Antenne

Uit B&G Wiki

Zonder antenne geen ontvangst

De antenne dient om radio- en televisie- en andere communicatiesignalen op te pikken die door zenders zijn uitgestraald. Vroeger maakte men gebruik van lange draden die het zwakke signaal naar de ontvanger voerden. De voortschrijdende techniek maakt het gebruik van kleinere antennes mogelijk. Er zijn antennes in diverse uitvoeringen. De meest eenvoudige is nog steeds een draad die in de kamer langs het plafond gespannen kan worden. Die worden echter niet meer gezien tegenwoordig. Een andere eenvoudige antenne is de sprietantenne zoals die op de auto en schepen te vinden is. Dan hebben we de “hark”, met de soortnaam Yagi antenne, dat is een antenne met allemaal dwarsstaafjes, verder hebben we de satellietschotel, een raamantenne, de fietswielantenne, de in de radio ingebouwde ferrietantenne, de loop-antenne, de log periodische antenne en dan de actieve antenne. Zie ook fase gestuurde antenne.

techniek

Om zo gevoelig mogelijk te zijn voor een bepaald signaal is het belangrijk dat de antenne bepaalde afmetingen heeft. Kenners zeggen dat de antenne in resonantie moet zijn met de frequentie van het signaal. Een draadantenne is goed wanneer de lengte een kwart golflengte, of een veelvoud daarvan is van de draaggolf. Voor een spriet geldt dit ook. Is de mogelijkheid om voldoende lengte te realiseren beperkt of zelfs afwezig dan kan een antenne-verlengspoel uitkomst bieden. De lengte van de antenne wordt hierdoor vergroot maar door een deel ervan als een spoel uit te voeren wordt ruimte bespaard. Sommige antennes zijn rondom even gevoelig, zoals de sprietantenne die verticaal staat. Een yagi antenne, die een grote voor-achterverhouding heeft, is daardoor zeer richtinggevoelig en een draadantenne is net als de ferrietantenne het gevoeligst wanneer hij dwars staat op de richting van waar het signaal vandaan komt. Een raamantenne is een draadantenne die in een spoelvorm is gewikkeld. De gevoeligheid van de antenne, de zogenaamde antennewinst wordt uitgedrukt in de term decibel (dBd).

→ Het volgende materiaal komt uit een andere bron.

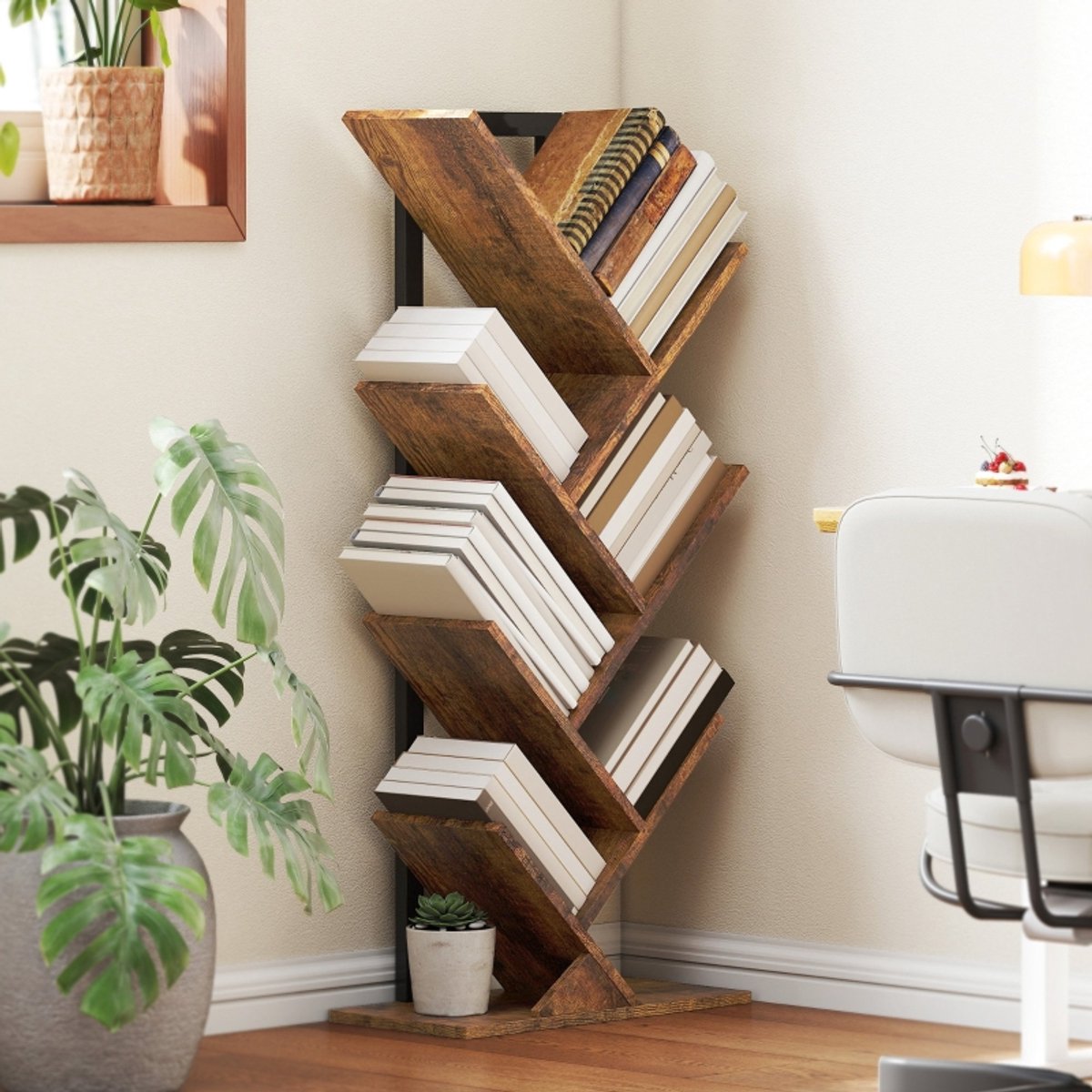 OKWISH Boekenkast Boomvorm 7 Laags Smal 50 X 24 X 109 Cm Hout Rustiek Bruin Open Industrieel Voor Woonkamer En Kantoor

De actieve antenne is voorzien van een aan de antenne bevestigd versterkertje dat het antennesignaal al versterkt voor het de kabel naar de ontvanger ingaat.

Omgekeerd kan de antenne ook dienen om een signaal uit te stralen. Daarvoor geldt nog meer dat de antenne-afmetingen goed dienen te zijn afgestemd op het uit te zenden signaal. Bij zenders heeft men namelijk rekening te houden met staande golven.

bijzonder

Het zal na het bovenstaande vreemd klinken maar het is mogelijk met een ondergrondse antenne ontvangst te hebben en goed signaal uit te zenden. In het begin van de twintigste eeuw worden proeven gedaan met een ondergrondse antenne. Een in die dagen vooraanstaand Engelse radio-amateur (call sign eg 6PG-SK) experimenteert in 1925 met een draad van 20 meter die vijfenzeventig centimeter onder een tuinpad begraven ligt. Hij monteert de draad op glazen isolatoren, dekt de draad af met halfronde dakpannen en vult de uitgegraven sleuf weer met zand. De antenne ligt zo in een luchtkoker onder het tuinpad. De resultaten zijn verrassend. Signalen in de korte golf, onder 1000 meter golflengte worden goed opgevangen, er zijn weinig stoorsignalen en hij merkt op dat het signaal standvastiger is dan dat van een luchtdraadantenne. Naarmate de golflengte toeneemt verzwakt het opgevangen signaal. Boven de 1000 meter golflengte is geen ontvangst meer mogelijk. De signalen die ontvangen worden komen uit heel Europa, Amerika, Azië en Australië. Ook het zenden via deze ondergrondse antenne levert bevredigende signalen op. In zijn beschrijving van de experimenten spreekt de Engelse amateur zijn dank uit aan onder anderen de Nederlandse amateurs die hem in zijn proefnemingen hebben bijgestaan.